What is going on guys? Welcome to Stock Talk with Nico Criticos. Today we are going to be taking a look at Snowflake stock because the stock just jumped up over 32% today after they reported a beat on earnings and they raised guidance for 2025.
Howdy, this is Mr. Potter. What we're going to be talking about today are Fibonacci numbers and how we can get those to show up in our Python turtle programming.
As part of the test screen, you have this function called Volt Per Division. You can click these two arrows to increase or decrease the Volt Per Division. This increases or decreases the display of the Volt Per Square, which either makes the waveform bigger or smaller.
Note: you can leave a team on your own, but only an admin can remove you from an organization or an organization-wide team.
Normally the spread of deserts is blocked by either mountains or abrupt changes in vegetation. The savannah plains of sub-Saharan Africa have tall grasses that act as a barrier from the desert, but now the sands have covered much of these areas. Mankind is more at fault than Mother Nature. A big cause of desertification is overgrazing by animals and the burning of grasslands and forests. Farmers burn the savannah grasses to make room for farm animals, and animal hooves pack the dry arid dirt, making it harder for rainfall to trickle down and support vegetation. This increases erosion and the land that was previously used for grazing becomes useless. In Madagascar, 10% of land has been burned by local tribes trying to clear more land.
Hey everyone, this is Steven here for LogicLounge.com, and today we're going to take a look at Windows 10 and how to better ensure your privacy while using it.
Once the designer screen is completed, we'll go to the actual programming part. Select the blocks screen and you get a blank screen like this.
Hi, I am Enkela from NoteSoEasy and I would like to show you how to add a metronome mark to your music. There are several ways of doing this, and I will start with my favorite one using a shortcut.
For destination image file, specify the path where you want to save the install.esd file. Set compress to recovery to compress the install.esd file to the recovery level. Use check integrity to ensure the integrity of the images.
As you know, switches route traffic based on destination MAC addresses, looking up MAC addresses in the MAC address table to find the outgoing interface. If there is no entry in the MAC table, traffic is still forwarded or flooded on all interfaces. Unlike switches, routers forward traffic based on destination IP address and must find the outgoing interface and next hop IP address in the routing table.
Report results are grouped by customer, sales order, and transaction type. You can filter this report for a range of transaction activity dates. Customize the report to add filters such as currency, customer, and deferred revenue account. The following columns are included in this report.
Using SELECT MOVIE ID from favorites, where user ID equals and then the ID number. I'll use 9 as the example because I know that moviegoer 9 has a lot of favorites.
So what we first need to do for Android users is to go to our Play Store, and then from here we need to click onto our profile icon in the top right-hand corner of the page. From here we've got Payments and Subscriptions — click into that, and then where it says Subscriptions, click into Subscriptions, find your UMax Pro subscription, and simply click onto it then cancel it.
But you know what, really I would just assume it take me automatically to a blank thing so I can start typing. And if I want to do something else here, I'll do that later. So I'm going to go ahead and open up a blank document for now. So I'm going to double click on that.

# To do
If a line of the records above includes the word "blank", count it; state the final number with no other words.

# Expected output
2